The lymphatic malformation is a superficial or deep, or mixed growth of the lymphatic vessels, where the treatment is either removing or destroying, but the chances of recurrence are high. A study showed that the application of topical Rapamycin could help in managing superficial lymphatic malformations.
As Rapamycin has immunosuppressive properties, it is recommended to treat SARS-Covid 19 infected patients to prevent or reduce the cytokine storm seen in severe cases; it has also diminished viral replication by inhibiting cell proliferation.

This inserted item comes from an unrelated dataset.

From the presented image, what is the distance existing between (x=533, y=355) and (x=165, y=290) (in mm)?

Side effects and Risk factors
Common side effects are diarrhoea, Constipation, Nausea, Vomiting, Stomach pain, joint pain, shaking, Acne, skin rash, Headache, trouble sleeping.
Some severe side effects may be seen; if any serious effects are observed, it is advised to tell your doctor; some of them may include muscle pain or cramps, bone pain, increased thirst or hunger, frequent urination, vision changes, hearing problems like hearing loss or ringing in the ears, unusual tiredness or weakness, fast/slow/irregular heartbeat, easy bruising or bleeding, mental/mood changes, swelling ankles or feet, severe Headache, Dizziness, stomach or abdominal pain, missed/heavy/painful periods.
Individuals on other medications are advised to check with the doctor before administering Rapamycin as some medicines/supplements can interact with Rapamycin.
It is generally advised to avoid Rapamycin during pregnancy and breastfeeding. Some studies showed that Rapamycin could pass into breast milk.